**What is expected:** Exact copy, pictures omitted: the line holding "Hotel Granada Concept Manaus Szoba fotó" and every line after it down to the end of the entries.

**Data for this task:**

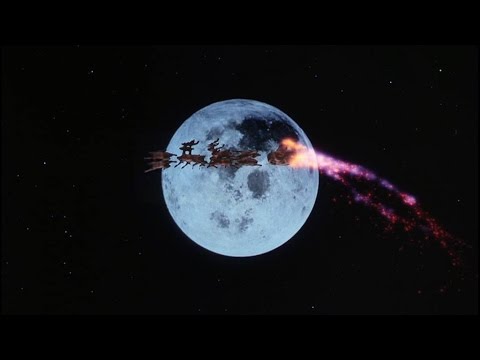 DJ Vini Dyagilev FT Wam Last Christmas (Remix) - Christmas Dance Party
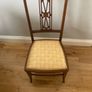 Antique Chair Image 5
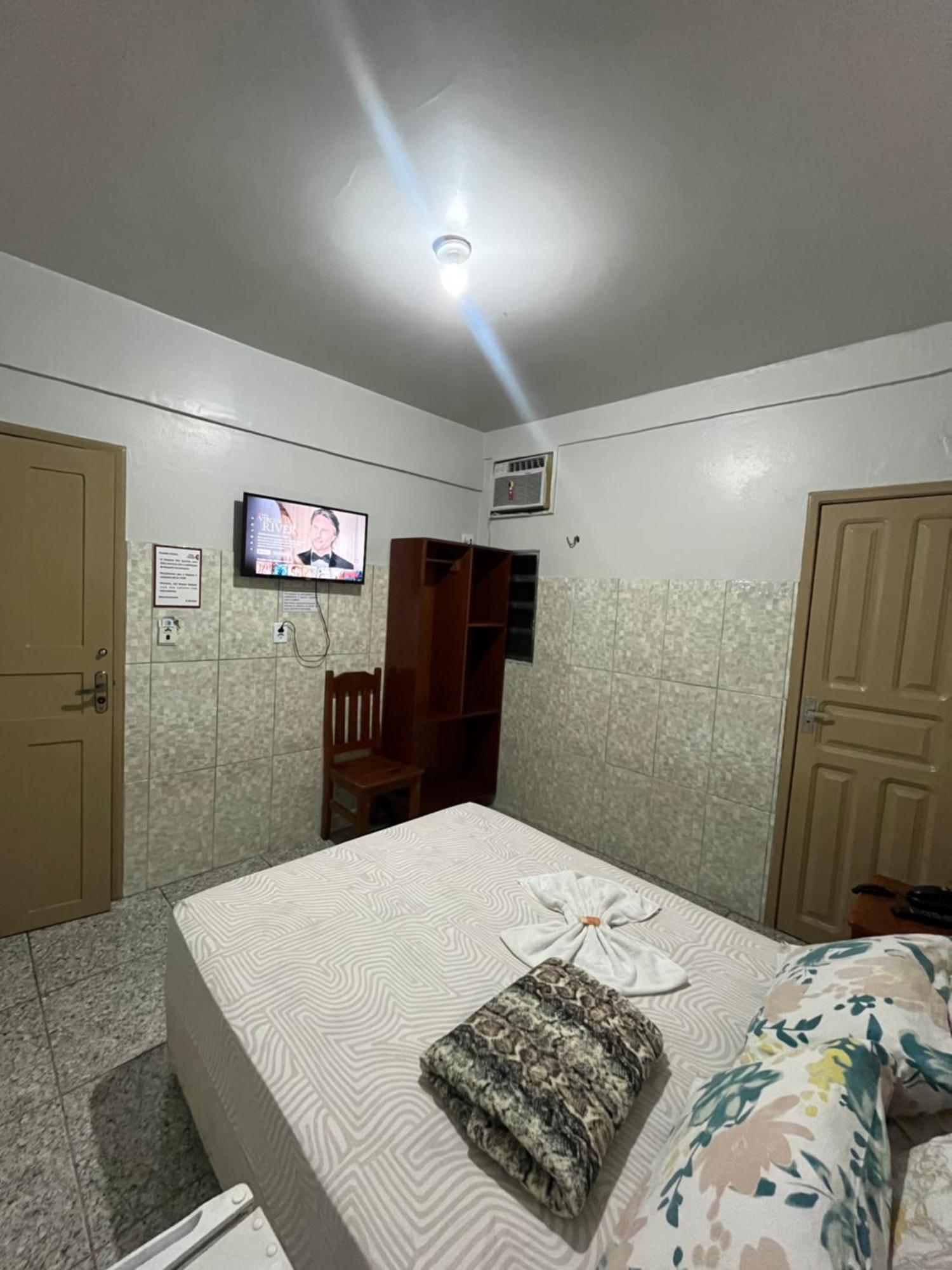 Hotel Granada Concept Manaus Szoba fotó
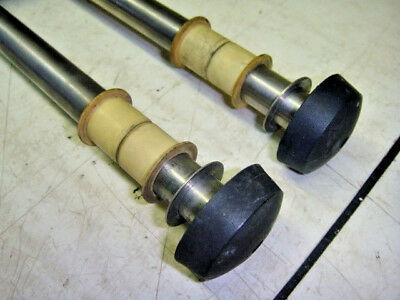 Mercruiser --  Anchor Pins Sets  -- 17-815953 - Fresh Stock Dated February 2026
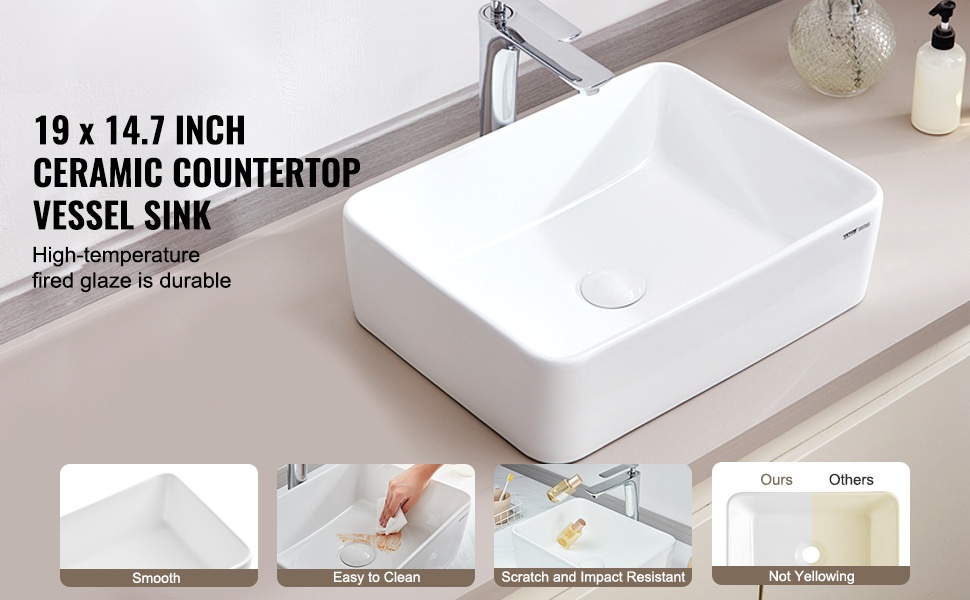 Keraaminen ovaali tasoallas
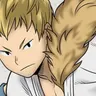 Profile image of 尾白 猿夫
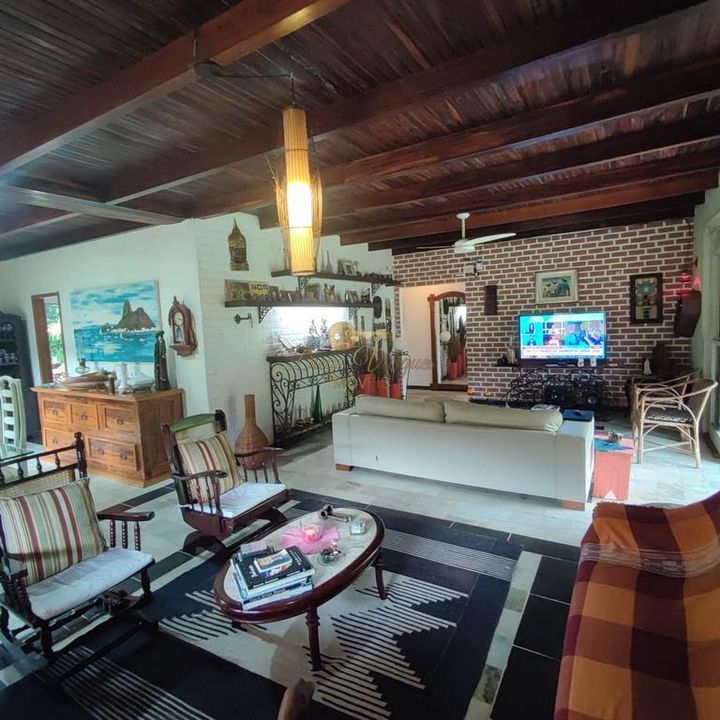 Casa de Condomínio à venda com 4 quartos, 1800m² - Foto 10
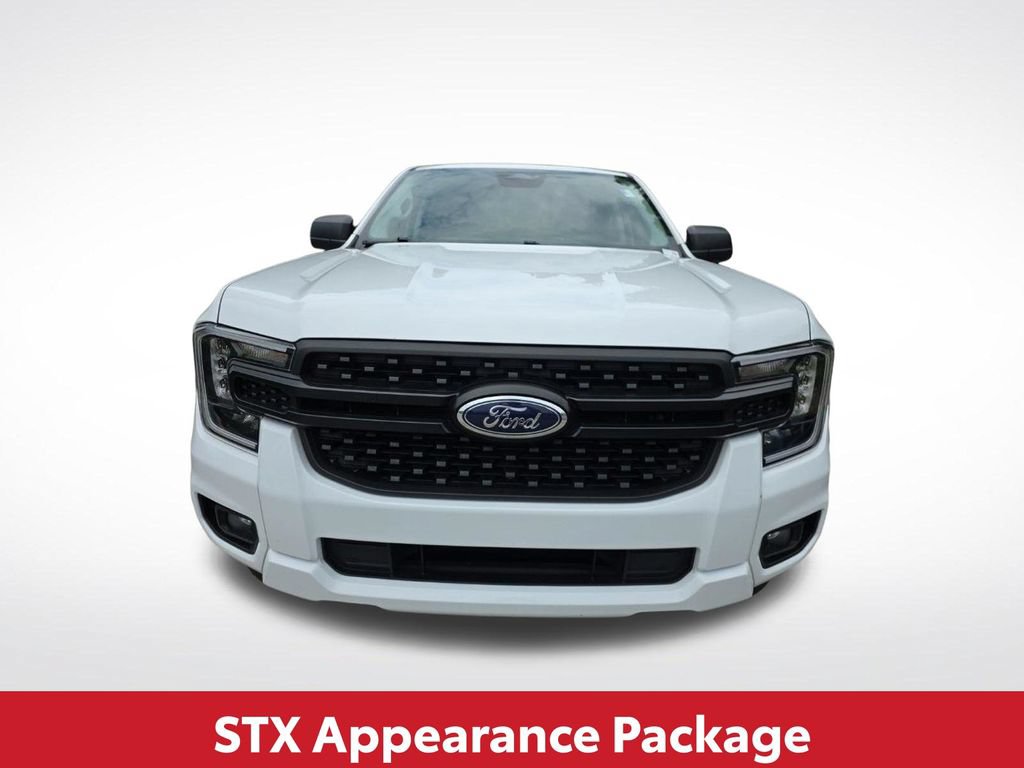 Used 2024 Ford Ranger XL w/ Trailer Tow Package RWD image 5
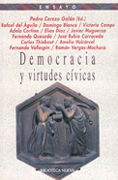 DEMOCRACIA Y VIRTUDES CVICAS
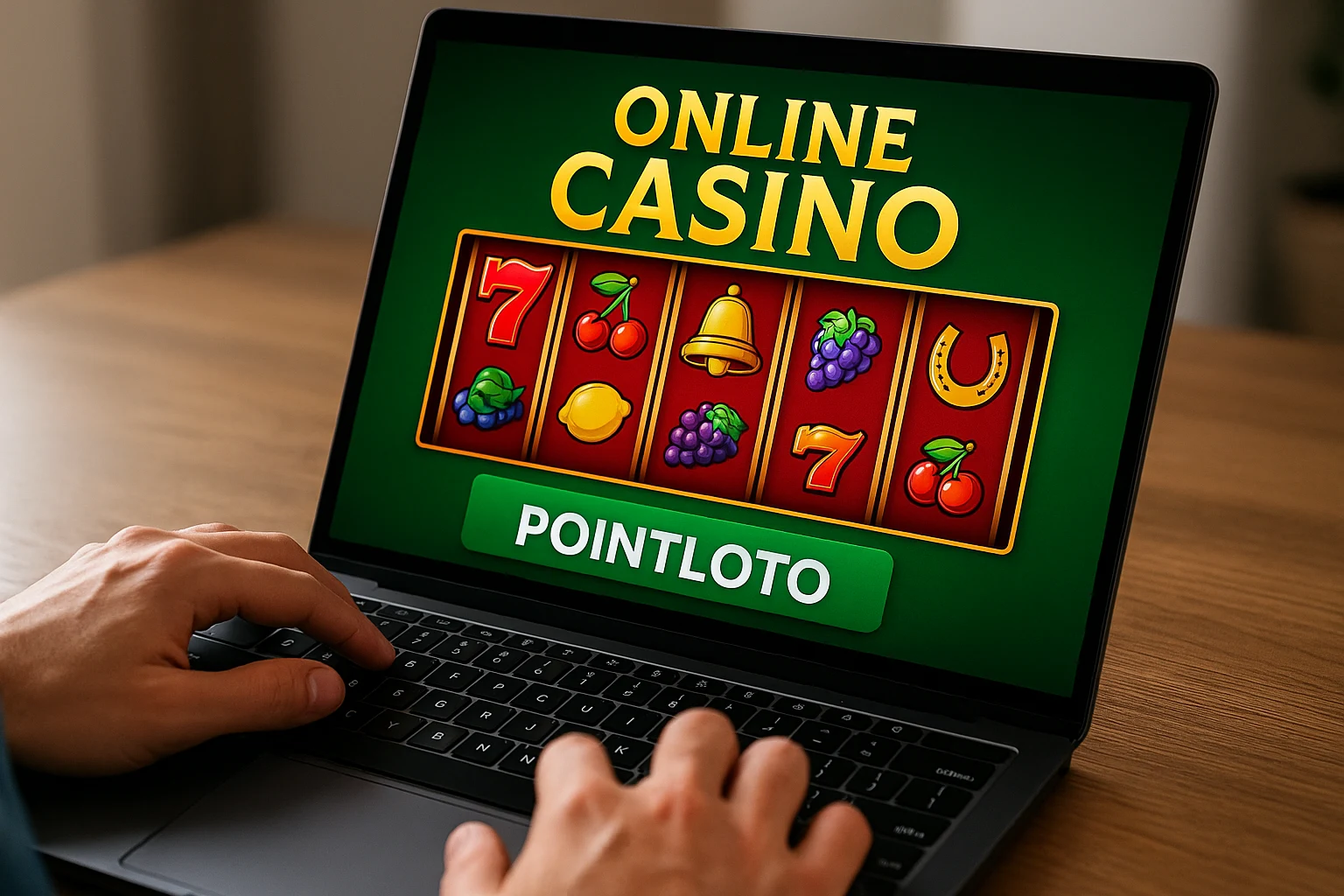 Pointloto промокод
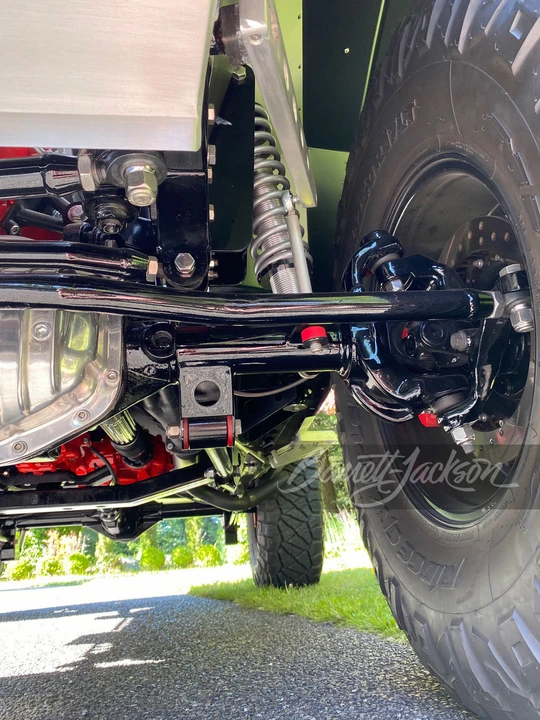 1976 Jeep CJ7 - Image 15 of 29
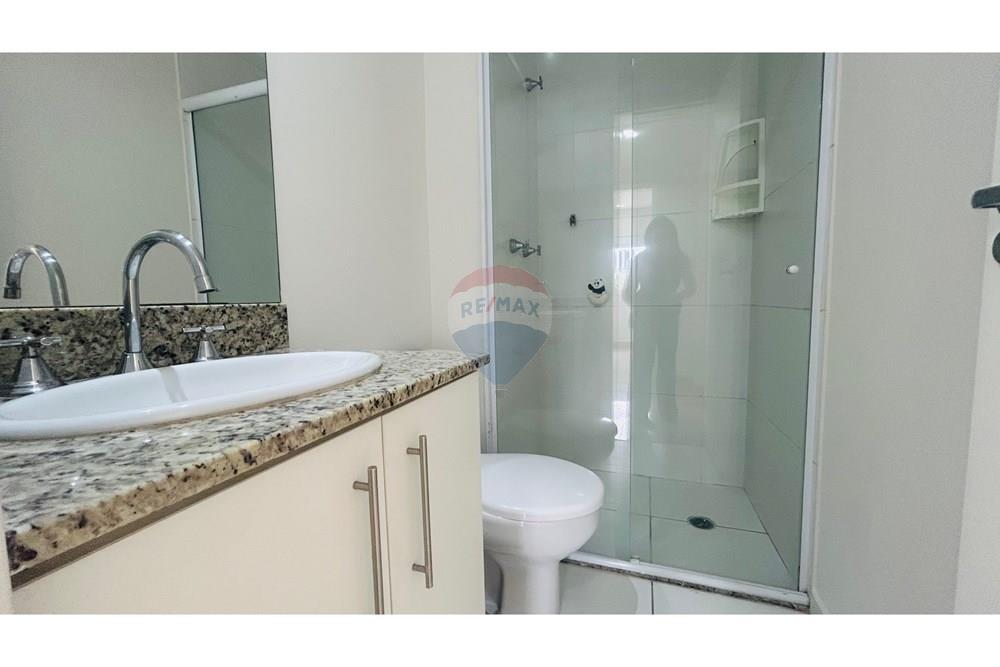 Apartamento - Alugar - Barueri , São Paulo - IMG_2710.jpeg - Banheiro - 691141013-46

**Written reply:**
 Hotel Granada Concept Manaus Szoba fotó
 Mercruiser --  Anchor Pins Sets  -- 17-815953 - Fresh Stock Dated February 2026
 Keraaminen ovaali tasoallas
 Profile image of 尾白 猿夫
 Casa de Condomínio à venda com 4 quartos, 1800m² - Foto 10
 Used 2024 Ford Ranger XL w/ Trailer Tow Package RWD image 5
 DEMOCRACIA Y VIRTUDES CVICAS
 Pointloto промокод
 1976 Jeep CJ7 - Image 15 of 29
 Apartamento - Alugar - Barueri , São Paulo - IMG_2710.jpeg - Banheiro - 691141013-46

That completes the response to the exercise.